Within the data that follows, set down exactly the lines from the one containing "9750 Parker Lake" through the one containing "Mukhtarudin Serahkan Ambulans", both ends included.

# Information given

◇ ◇ ◇ ◇ ◇

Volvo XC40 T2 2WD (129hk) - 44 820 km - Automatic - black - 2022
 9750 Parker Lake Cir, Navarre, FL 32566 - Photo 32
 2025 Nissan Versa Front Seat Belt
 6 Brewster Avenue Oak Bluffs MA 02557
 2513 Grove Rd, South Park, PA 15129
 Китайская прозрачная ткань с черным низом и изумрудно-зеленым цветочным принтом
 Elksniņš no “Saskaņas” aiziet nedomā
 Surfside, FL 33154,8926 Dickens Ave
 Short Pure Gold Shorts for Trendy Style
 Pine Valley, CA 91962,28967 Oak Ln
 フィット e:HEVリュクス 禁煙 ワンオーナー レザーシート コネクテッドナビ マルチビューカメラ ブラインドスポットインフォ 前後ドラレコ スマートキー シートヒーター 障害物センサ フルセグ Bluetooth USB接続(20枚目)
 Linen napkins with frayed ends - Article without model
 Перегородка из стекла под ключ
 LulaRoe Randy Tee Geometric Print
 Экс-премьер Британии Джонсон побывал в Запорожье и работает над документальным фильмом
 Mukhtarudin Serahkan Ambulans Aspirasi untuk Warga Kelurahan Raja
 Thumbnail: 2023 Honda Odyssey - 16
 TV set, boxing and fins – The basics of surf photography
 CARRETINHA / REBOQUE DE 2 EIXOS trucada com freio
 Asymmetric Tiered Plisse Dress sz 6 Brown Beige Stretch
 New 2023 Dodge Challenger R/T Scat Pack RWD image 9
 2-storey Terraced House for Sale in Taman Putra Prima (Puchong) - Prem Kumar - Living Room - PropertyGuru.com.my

◇ ◇ ◇ ◇ ◇

# Task result
 9750 Parker Lake Cir, Navarre, FL 32566 - Photo 32
 2025 Nissan Versa Front Seat Belt
 6 Brewster Avenue Oak Bluffs MA 02557
 2513 Grove Rd, South Park, PA 15129
 Китайская прозрачная ткань с черным низом и изумрудно-зеленым цветочным принтом
 Elksniņš no “Saskaņas” aiziet nedomā
 Surfside, FL 33154,8926 Dickens Ave
 Short Pure Gold Shorts for Trendy Style
 Pine Valley, CA 91962,28967 Oak Ln
 フィット e:HEVリュクス 禁煙 ワンオーナー レザーシート コネクテッドナビ マルチビューカメラ ブラインドスポットインフォ 前後ドラレコ スマートキー シートヒーター 障害物センサ フルセグ Bluetooth USB接続(20枚目)
 Linen napkins with frayed ends - Article without model
 Перегородка из стекла под ключ
 LulaRoe Randy Tee Geometric Print
 Экс-премьер Британии Джонсон побывал в Запорожье и работает над документальным фильмом
 Mukhtarudin Serahkan Ambulans Aspirasi untuk Warga Kelurahan Raja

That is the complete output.